Na verdade, o que está em jogo é uma compreensão muito particular e absolutamente distorcida acerca da prerrogativa do sigilo profissional do advogado. Moro já deixou isso bastante claro em outras oportunidades. Essa não foi a primeira nem a segunda vez. E — se alguma medida não for efetivamente tomada pela OAB junto aos órgãos competentes — nada garante que será a última. A Espanha, por exemplo, foi bem eficaz nesse sentido: o famoso e festejado juiz Baltasar Garzón perdeu seu cargo por ter grampeado, no caso Gürtel, a conversa entre acusados e seus advogados.

Da Península Ibérica para o Brasil, temos que, em 2007, quando compartilhava a jurisdição da Vara de Execução Penal da Seção Judiciária do Paraná, Moro determinou a instalação de microfones e câmeras nas salas de visitas e nos parlatórios, para que fossem gravadas todas as conversas dos internos, inclusive com os advogados. Na ocasião, Moro justificou a adoção da medida policialesca: “O sigilo da relação entre advogado e cliente não é absoluto. Legítimos interesses comunitários, como a prevenção de novos crimes e a proteção da sociedade e de terceiros, podem justificar restrição a tal sigilo” (leia aqui).

Em resposta ao ofício encaminhado pela OAB, em 2009, Moro alegou que a instalação das escutas tinha como finalidade “prevenir a prática de novos crimes, e não interferir no direito de defesa”. Sensacional, não? É o que Lenio Streck chama de fator Minority Report… (leia aqui)

No entanto, isso não é tudo. Além de “prevenir crimes” (sic), Moro esclareceu, à época, que o registro de conversas entre os presos e seus advogados colhido, acidentalmente, como material probatório seria encaminhado ao colegiado de juízes de execução para evitar que as gravações fossem usadas em processos.

Todavia, ao contrário do imaginado por Moro, o sigilo profissional intrínseco à relação entre advogado e cliente não é uma prerrogativa colocada a serviço da autoridade policial ou judicial para que esta selecione aquilo que poderá utilizar como prova. Tampouco a “prevenção de crimes” é fundamento válido para a autorização de interceptações telefônicas.

Ora, a Constituição, em seus artigos 5º, incisos, X, XII e XIV, e 133 e o Estatuto da Advocacia, em seu artigo 7º, inciso II, garantem aquilo que entendemos por inviolabilidade do sigilo profissional do advogado.

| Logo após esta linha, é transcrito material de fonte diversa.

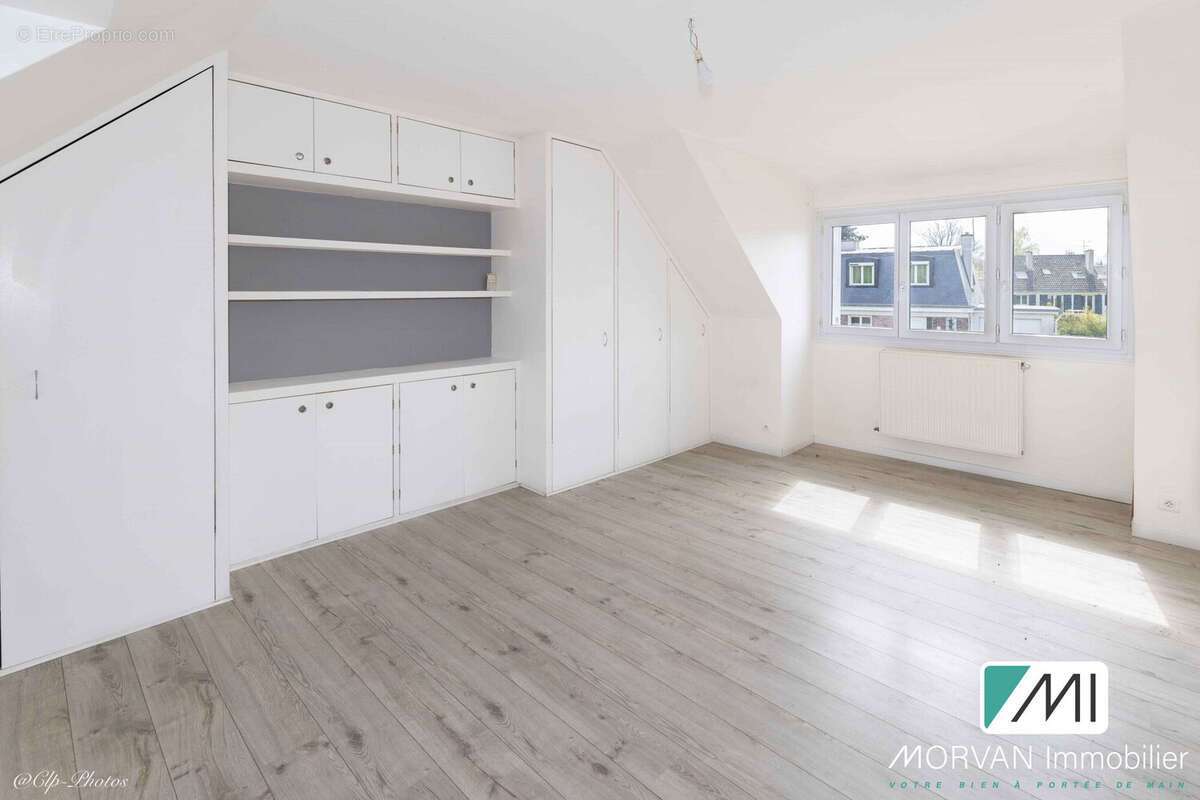 Maison 132 m² à Le Mesnil-Saint-Denis  - photo 7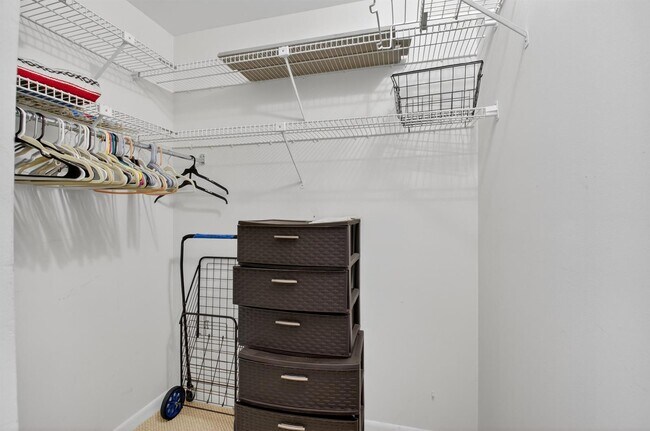 Foto del edificio - 5280 Nesting Way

As exceções estão expressas na lei. Portanto, ou a prerrogativa existe e é respeitada, ou não. Não há semissigilo, sigilo parcial ou sigilo mitigado. A mesma garantia está positivada na Convenção Americana de Direitos Humanos (artigo 8º, 2, d).

Tudo indica termos chegados ao limite. Esticamos a corda até não ser mais possível. Se o CNJ e os tribunais superiores mostrarem-se complacentes com a relativização das prerrogativas dos advogados, estarão colaborando para o reforço de um imaginário perigosamente consequencialista, institucionalizando a política judiciária segundo a qual os fins justificam os meios.

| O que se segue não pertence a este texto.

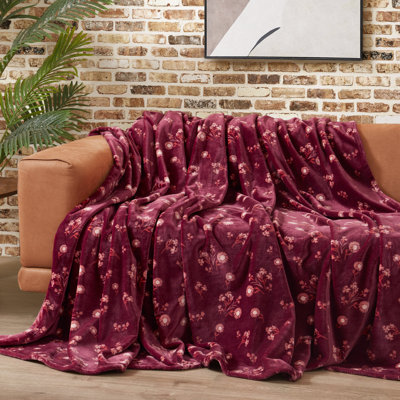 Lucky Brand Daisy Blankets
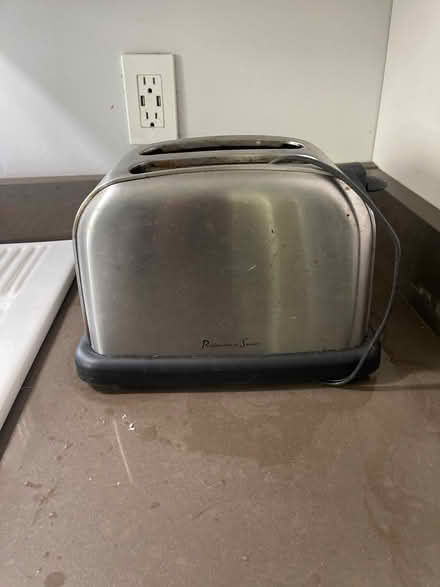 Photo of free Toaster (Between Chillum and Riggs Road) #1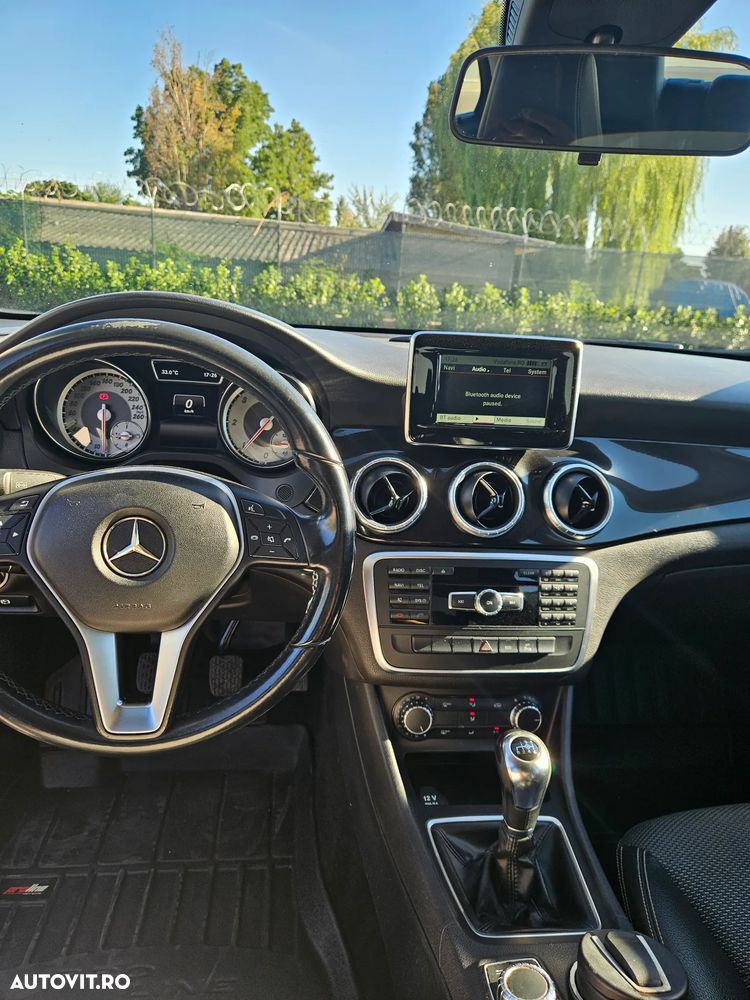 Mercedes-Benz CLA 200 - 11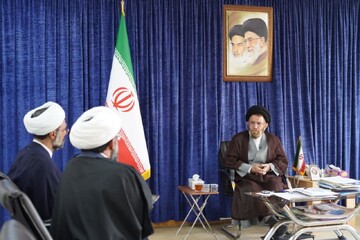 دفاتر نهاد رهبری بازوی فرهنگی نظام در مراکز علمی است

Os fatos, aqui, são muito claros. Moro cometeu um rosário de ilícitos e equívocos administrativos. Tudo isso já é de conhecimento do STF e foi reconhecido pelo próprio Moro, que não somente confessou ser “irregular” (sic) o grampo das conversas de Lula e Dilma como também pediu sinceras escusas à corte pelo fato de ter divulgado, ilicitamente, um conjunto de gravações. Para completar, quando negou saber que o escritório havia sido “grampeado”, foi imediatamente desmentido pelos ofícios disponibilizados pela Telefônica!

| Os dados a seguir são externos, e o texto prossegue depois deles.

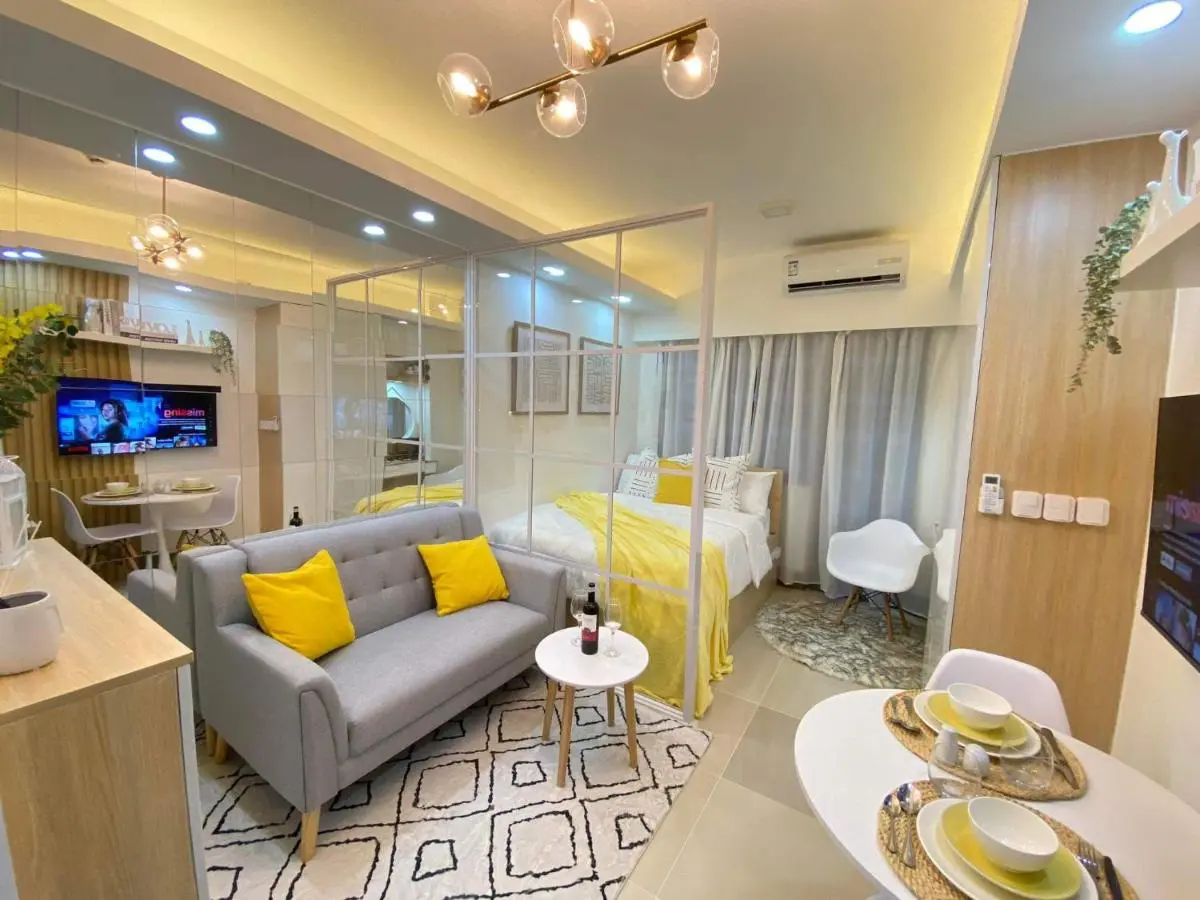 Image 5 of 1BR w/ Balcony near Megamall: The Admiral‘s Lounge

Em suma, para fechar, recorro a uma frase que Moro gosta muito de dizer: ninguém está acima da lei. Se isso é verdade — e eu acredito que sim —, então Moro se enredou no paradoxo do cretense, em que Epimênides afirma: “Todos os cretenses são mentirosos”. Só que ele era um cretense. Logo, se era cretense, era mentiroso. E, portanto, sua premissa não era verdadeira. Para sair desse paradoxo, só há dois modos: ou ele deixar de ser cretense, o que é impossível; ou elaborar um raciocínio lógico por meio do qual “o meu enunciado não faz parte do conjunto dos enunciados aos quais eu me refiro”. Aliás, essa foi a saída de Kelsen para justificar a norma fundamental. O único problema é, no caso de Moro, ele não pode sustentar — nem mesmo ficticiamente — estar acima da lei e tampouco fazer crer que os advogados estejam abaixo da lei.